BEGIN DATA SHOWN

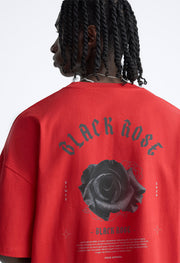 Black Rose Printed Red Oversized T-Shirt By Offmint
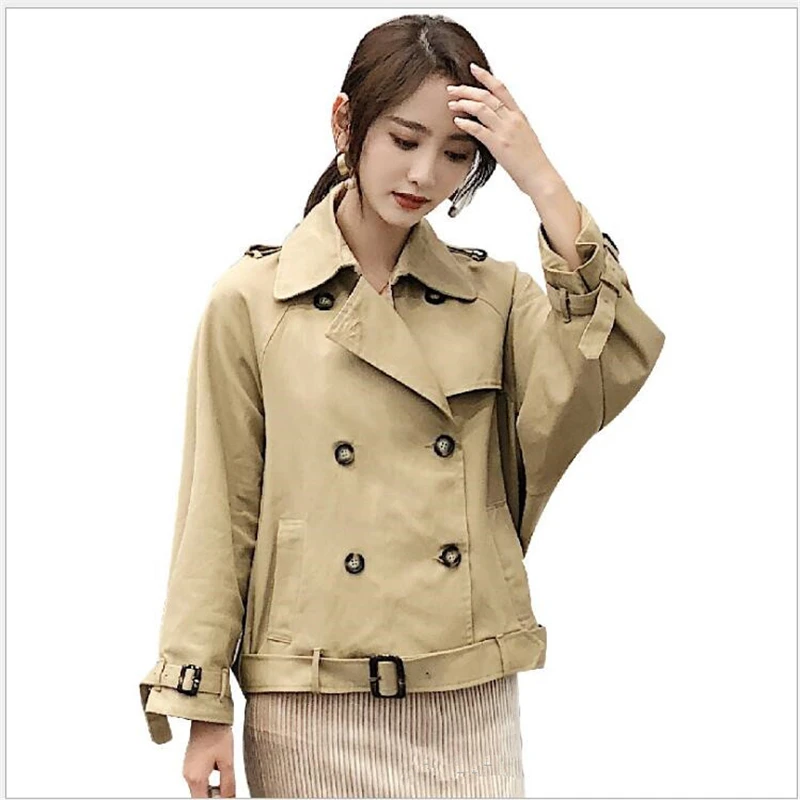 

2019 spring Autumn Casual Trench coat for women Double-breasted Short Windbreaker Female Plus size coat tops R121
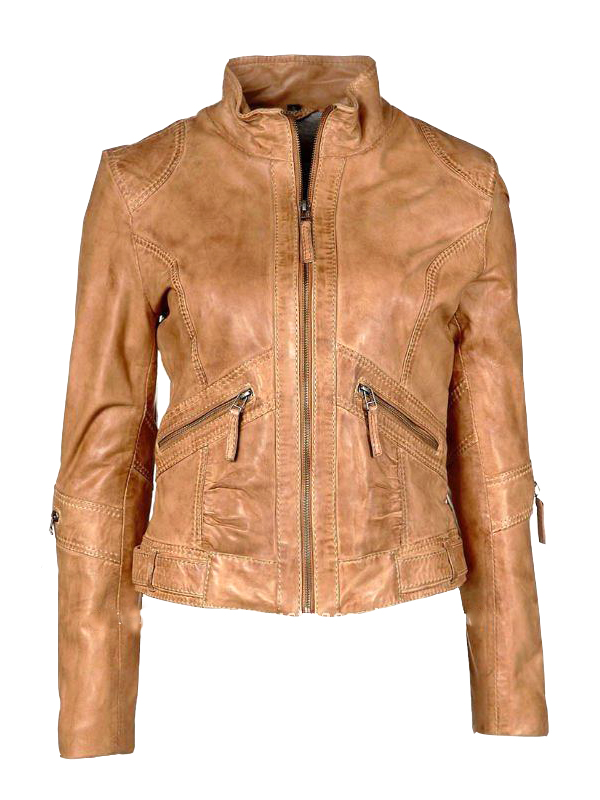 Tawni Tan Leather Jacket - Leather4sure Women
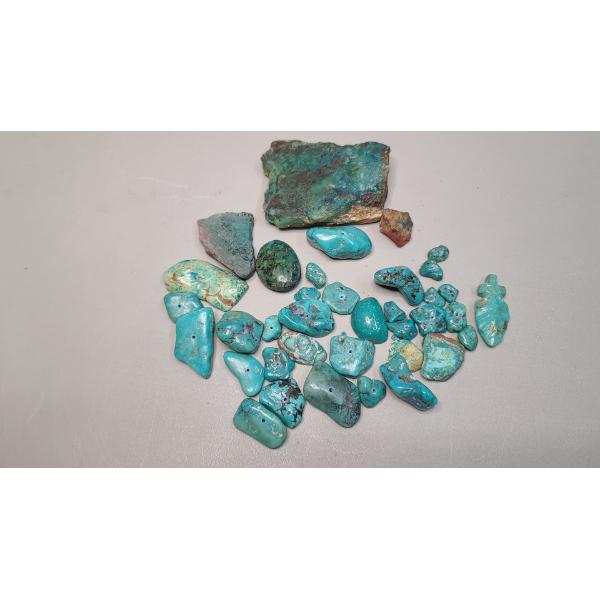 Assortment Of Loose Turquoise Can Be Used For Jewelry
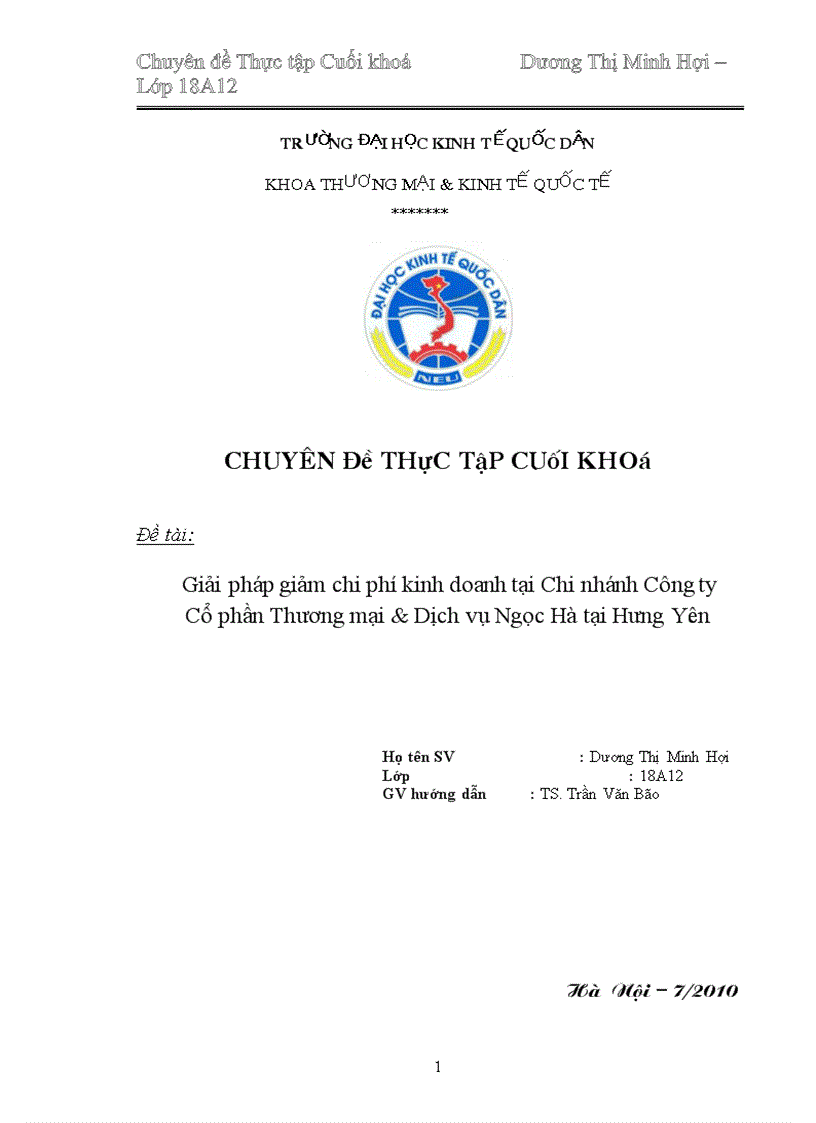 Giải pháp giảm chi phí kinh doanh tại Chi nhánh Công ty CP TM DV Ngọc Hà tại Hưng Yên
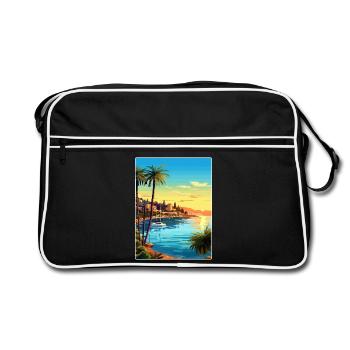 French Riviera France Travel Poster Souvenir WPA - Retro Bag - black/white - Front
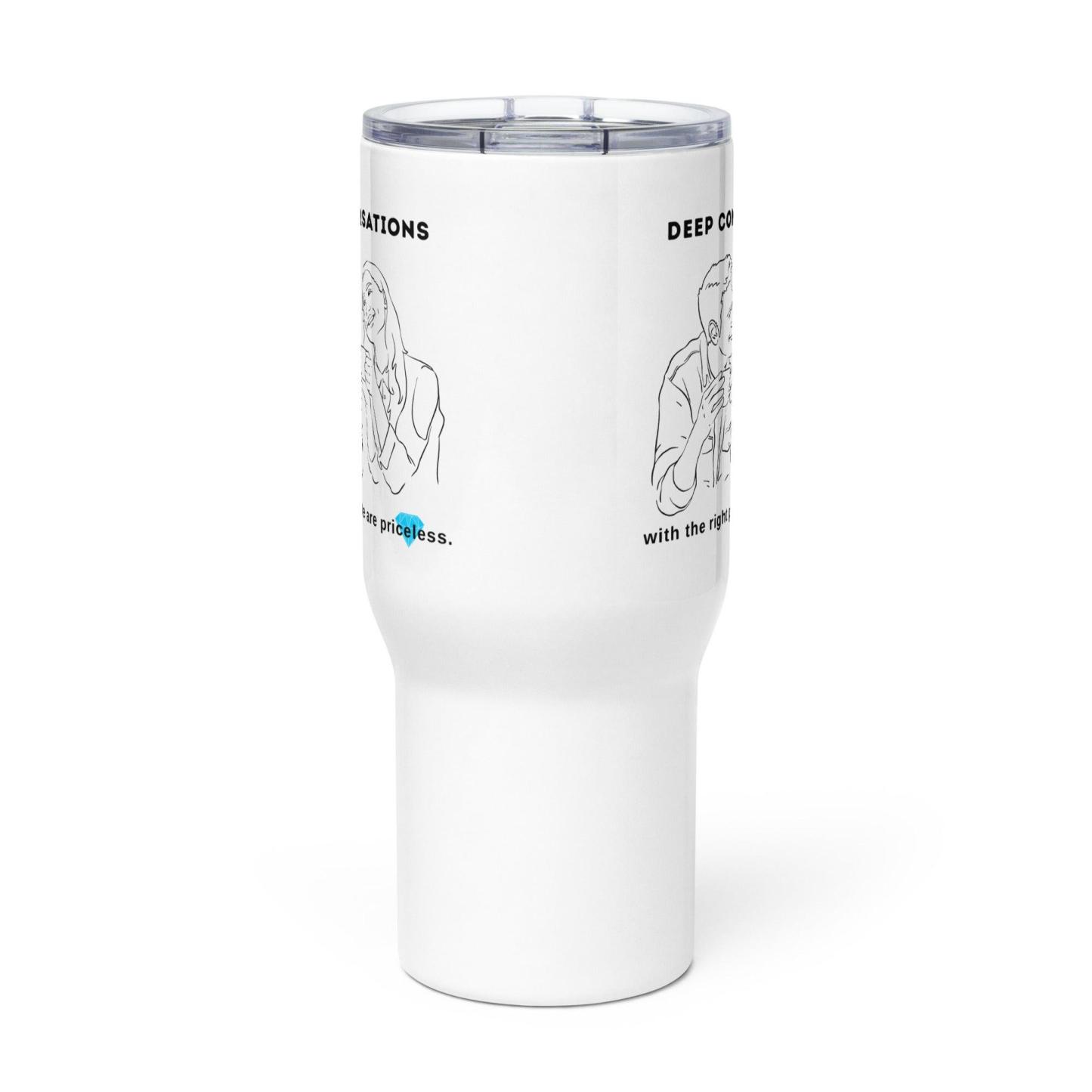 Deep Conversations Travel Mug With Artistic Print And Comfort - Inspire Cups
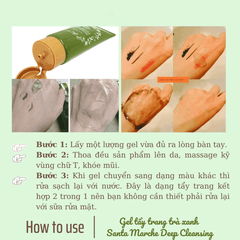 Gel tẩy trang trà xanh nhật bản santa marché green tea deep cleansing 70g
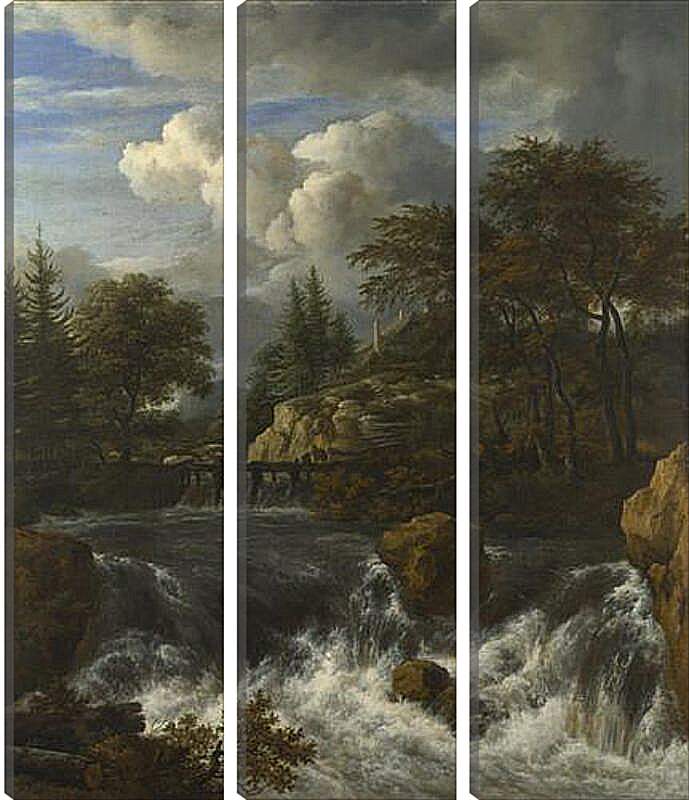 Модульная картина - A Waterfall in a Rocky Landscape. Якоб ван Рейсдал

END DATA SHOWN

### WORK TO BE COMPLETED
Once the images are dropped, set down the remaining material word for word.

### EXERCISE ANSWER
 Black Rose Printed Red Oversized T-Shirt By Offmint

2019 spring Autumn Casual Trench coat for women Double-breasted Short Windbreaker Female Plus size coat tops R121
 Tawni Tan Leather Jacket - Leather4sure Women
 Assortment Of Loose Turquoise Can Be Used For Jewelry
 Giải pháp giảm chi phí kinh doanh tại Chi nhánh Công ty CP TM DV Ngọc Hà tại Hưng Yên
 French Riviera France Travel Poster Souvenir WPA - Retro Bag - black/white - Front
 Deep Conversations Travel Mug With Artistic Print And Comfort - Inspire Cups
 Gel tẩy trang trà xanh nhật bản santa marché green tea deep cleansing 70g
 Модульная картина - A Waterfall in a Rocky Landscape. Якоб ван Рейсдал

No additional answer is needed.